07/01/12 à 16:45 - Mise à jour à 16:45

Source: Le Vif

Les islamistes de la secte Boko Haram multiplient les violences contre les chrétiens dans le nord-est du Nigeria. La population fuit la région.

Couvre-feu instauré après des violences au Nigeria

© Reuters

Les violences interconfessionnelles déchirent le pays. Des centaines d'habitants ont fui leurs habitations, ce samedi, dans le nord-est du Nigeria après une nouvelle attaque d'islamistes, qui multiplient les violences contre les chrétiens après l'expiration d'un ultimatum pour qu'ils quittent le nord du pays. Un couvre-feu de 24 heures a été imposé dans l'Etat d'Adamawa, au nord-est.

"A la suite de la série d'attaques dans certaines parties de l'Etat, le gouvernement local impose un couvre-feu de 24 heures dans tout l'Etat" d'Adamawa, a déclaré le Secrétaire du gouvernement local, Kobis Ari, dans un communiqué.

Une trentaine de chrétiens ont été tués dans cette région depuis la nuit de jeudi à vendredi au cours de trois attaques en partie revendiquées par le groupe islamiste Boko Haram.

Cette escalade meurtrière fait craindre la généralisation de violences interconfessionnelles dans ce pays de 160 millions d'habitants, le plus peuplé d'Afrique, également répartis entre les deux religions. Le sud est à dominante chrétienne et le nord essentiellement musulman.

A Potiskum, dans le nord-est, "il y a eu des échanges de tirs entre nos hommes et les combattants de Boko Haram (mouvement islamiste) pendant une grande partie de la nuit et cela a fait des morts et des blessés", selon le chef de la police de l'Etat de Yobe Lawan Tanko. Au moins deux personnes ont été tuées dans ces violences, selon des sources hospitalières.

Les habitants des quartiers proches du commissariat de la police attaqué par les islamistes dans la nuit de vendredi à samedi ont expliqué avoir quitté leurs domiciles par crainte de raids des militaires dans la zone. Ils ont trouvé refuge chez des proches et des amis. Les rues de la ville étaient désertes samedi.

Potiskum, régulièrement la cible des attaques de Boko Haram, est une des zones placées sous état d'urgence par le président Goodluck Jonathan le 31 décembre.

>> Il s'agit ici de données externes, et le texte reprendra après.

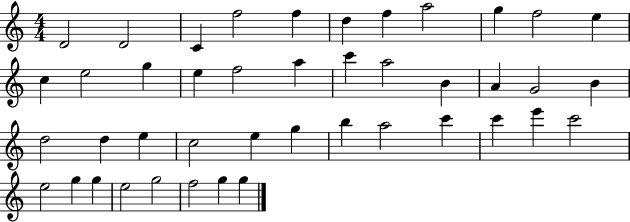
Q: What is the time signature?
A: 4/4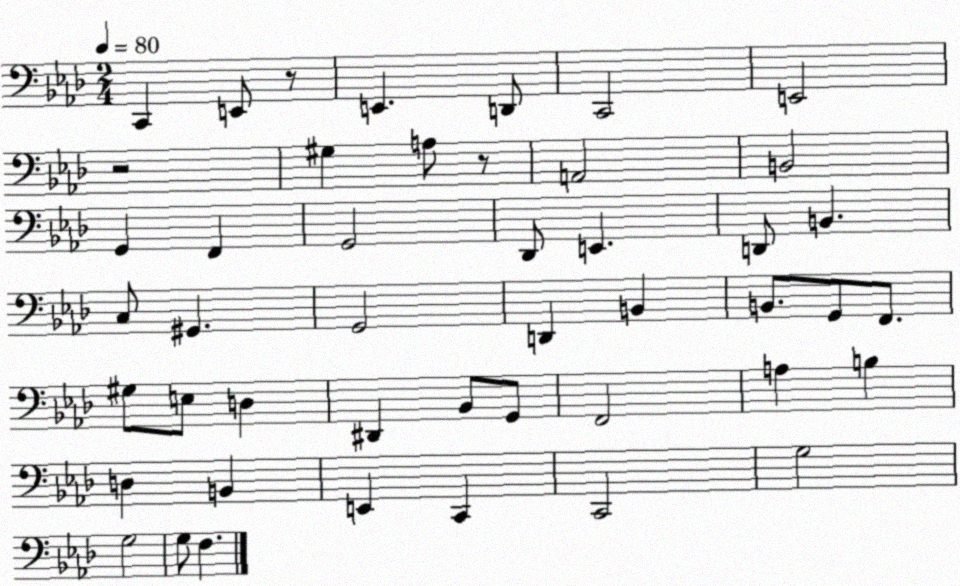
X:1
T:Untitled
M:2/4
L:1/4
K:Ab
C,, E,,/2 z/2 E,, D,,/2 C,,2 E,,2 z2 ^G, A,/2 z/2 A,,2 B,,2 G,, F,, G,,2 _D,,/2 E,, D,,/2 B,, C,/2 ^G,, G,,2 D,, B,, B,,/2 G,,/2 F,,/2 ^G,/2 E,/2 D, ^D,, _B,,/2 G,,/2 F,,2 A, B, D, B,, E,, C,, C,,2 G,2 G,2 G,/2 F,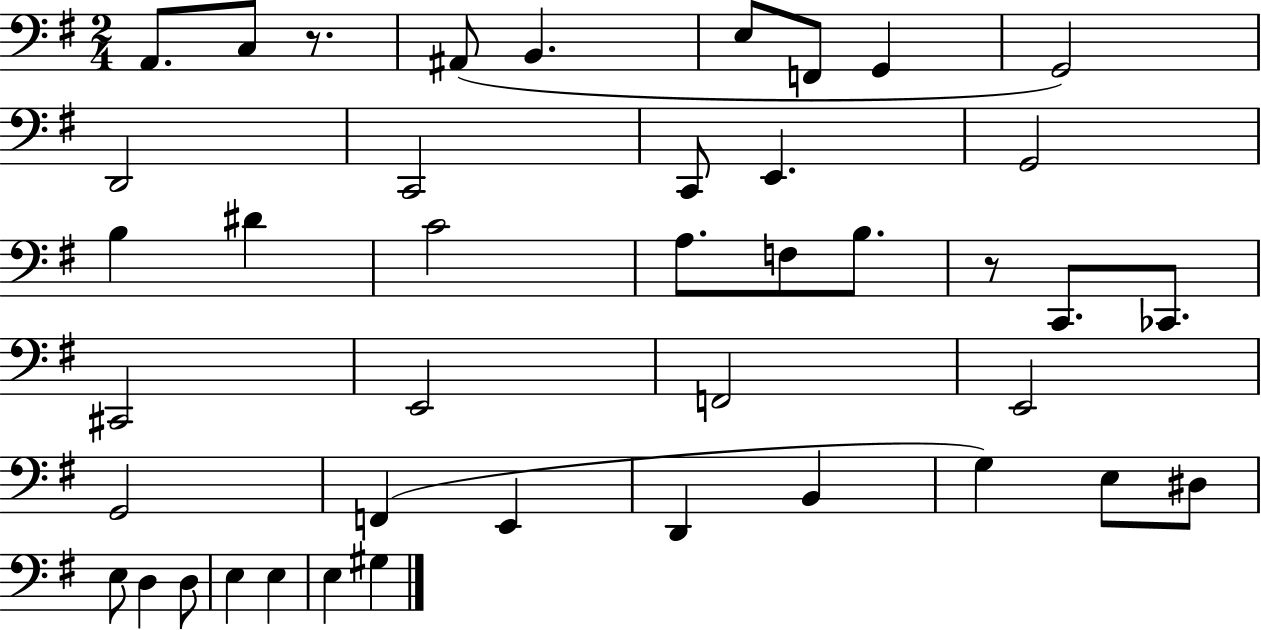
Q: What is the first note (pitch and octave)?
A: A2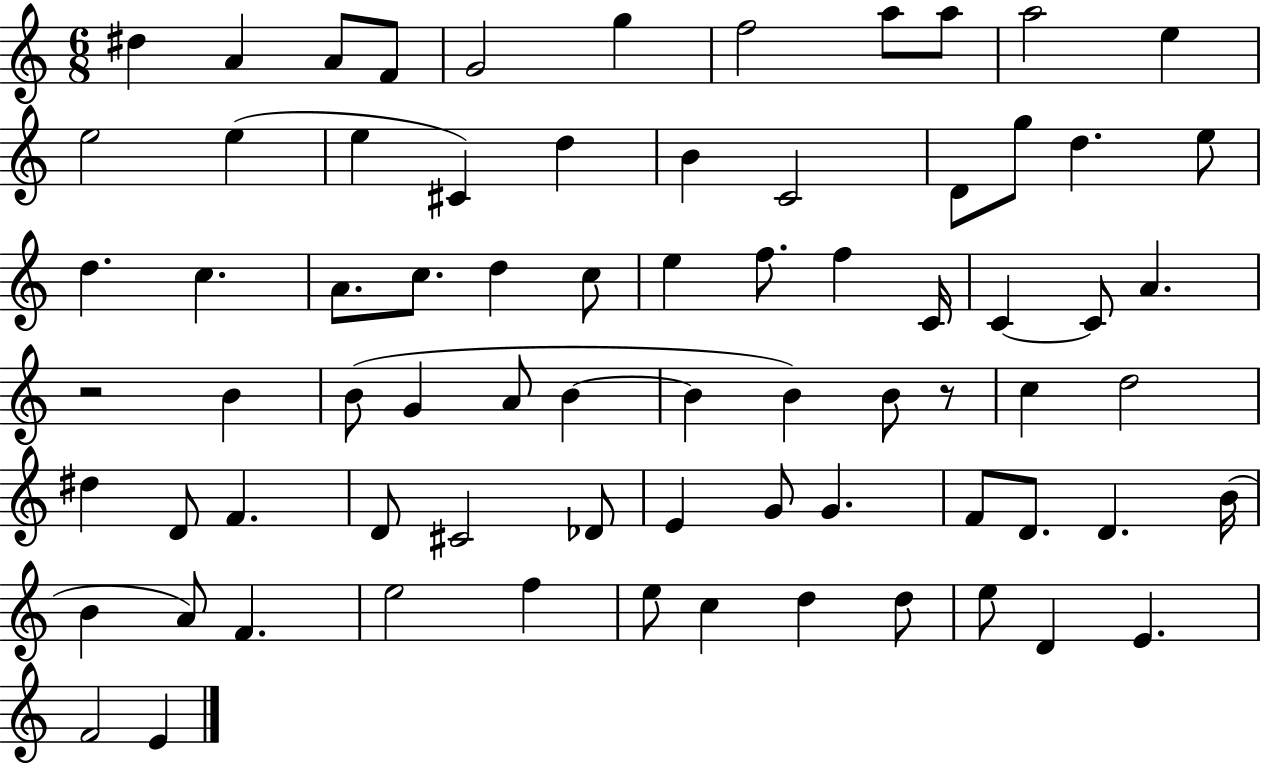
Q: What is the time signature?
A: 6/8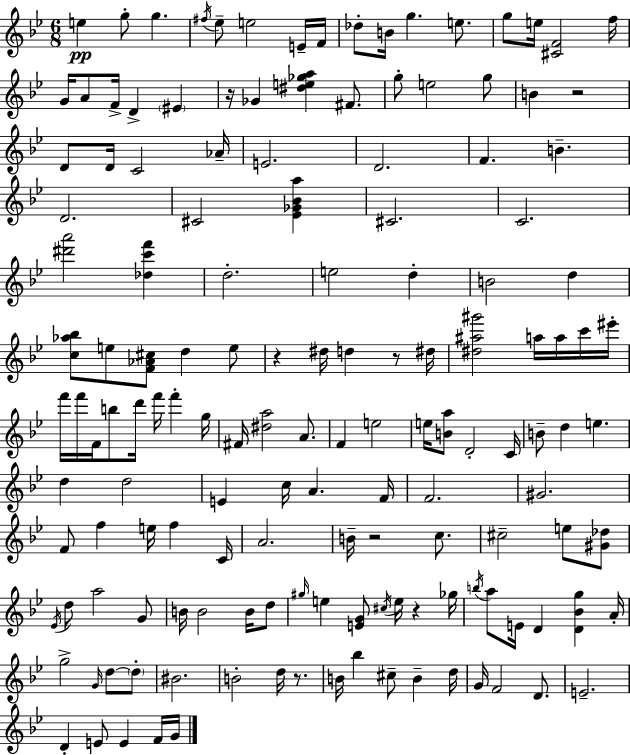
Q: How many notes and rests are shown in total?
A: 148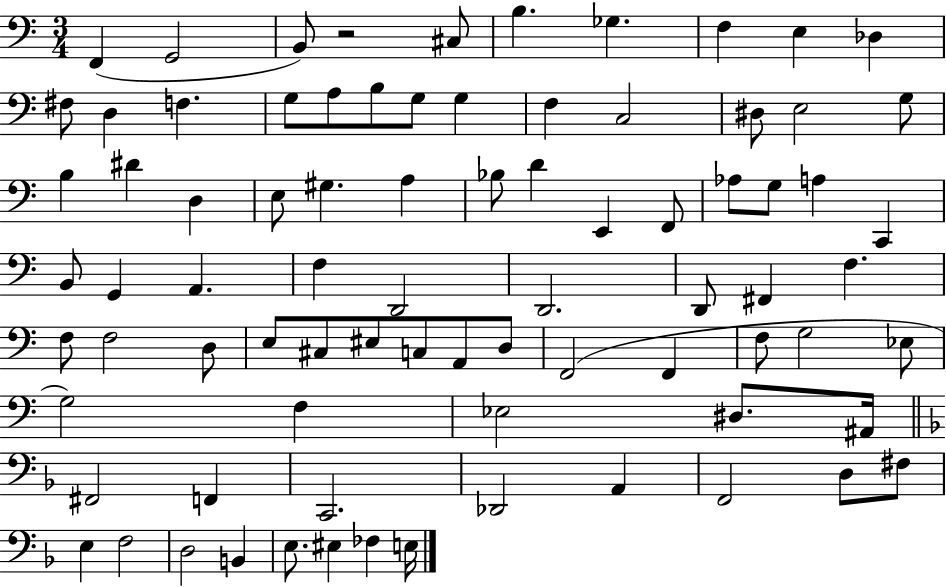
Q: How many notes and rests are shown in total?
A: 81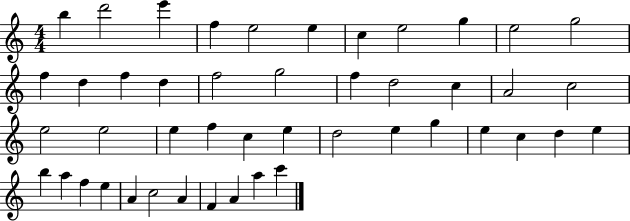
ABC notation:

X:1
T:Untitled
M:4/4
L:1/4
K:C
b d'2 e' f e2 e c e2 g e2 g2 f d f d f2 g2 f d2 c A2 c2 e2 e2 e f c e d2 e g e c d e b a f e A c2 A F A a c'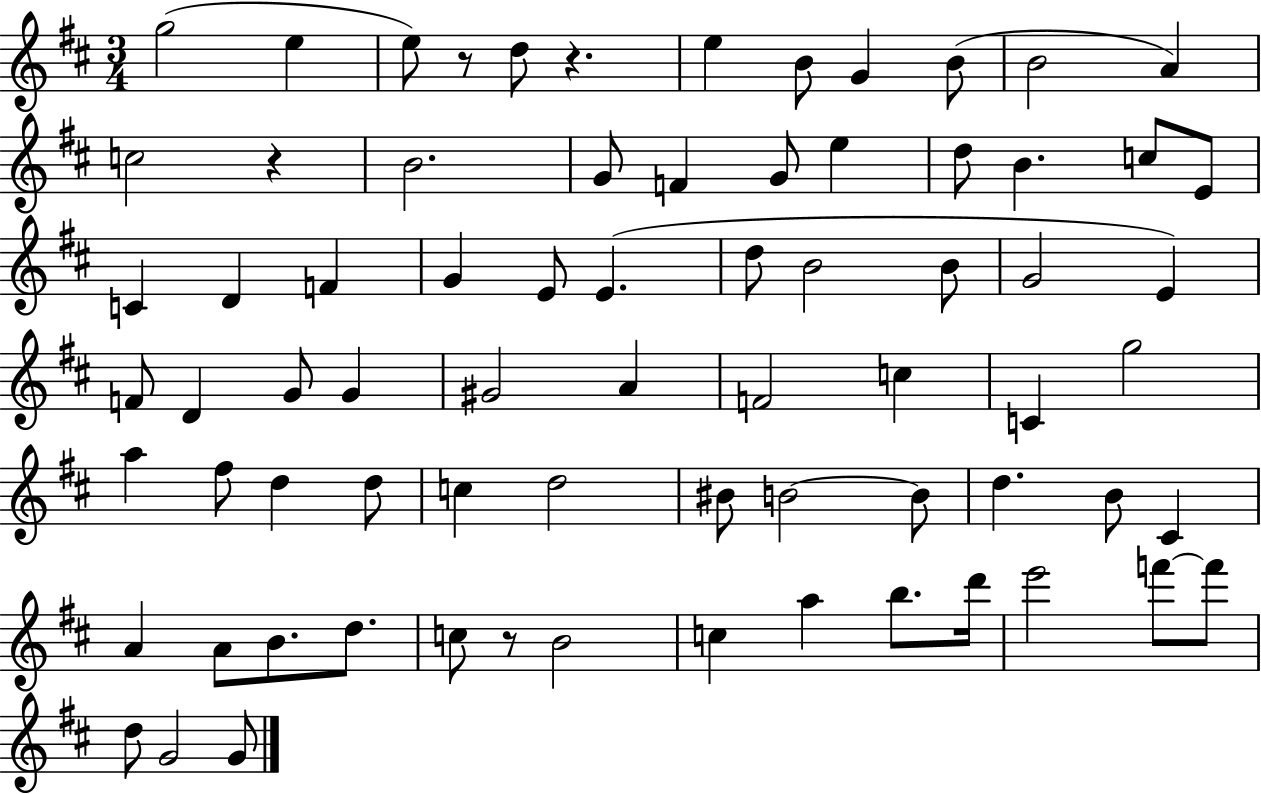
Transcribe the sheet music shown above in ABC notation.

X:1
T:Untitled
M:3/4
L:1/4
K:D
g2 e e/2 z/2 d/2 z e B/2 G B/2 B2 A c2 z B2 G/2 F G/2 e d/2 B c/2 E/2 C D F G E/2 E d/2 B2 B/2 G2 E F/2 D G/2 G ^G2 A F2 c C g2 a ^f/2 d d/2 c d2 ^B/2 B2 B/2 d B/2 ^C A A/2 B/2 d/2 c/2 z/2 B2 c a b/2 d'/4 e'2 f'/2 f'/2 d/2 G2 G/2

"Presque tous les habitants des quartiers de Dogo Tebo et de Dogo Nini ont fui leurs habitations par crainte d'une attaque de la part des soldats qui sont arrivés en ville ce (samedi) matin de Damaturu", une ville voisine, a précisé Idris Bakanike, un habitant du quartier de Dogo Tebo.

Des dizaines de militaires se sont déployés samedi et ont pris position autour du commissariat de la police. "Nous avons peur que les soldats attaquent et incendient nos habitations comme ils le font à Maiduguri (ville du nord-est) à chaque attaque de Boko Haram, a affirmé Amiru Umar, un habitant du quartier de Dogo Nini.
Des dizaines d'islamistes armés avaient attaqué la ville de Potiskum vendredi en fin d'après-midi, notamment le commissariat de la ville. Trois banques ont été dévalisées et incendiées par les islamistes, selon des habitants.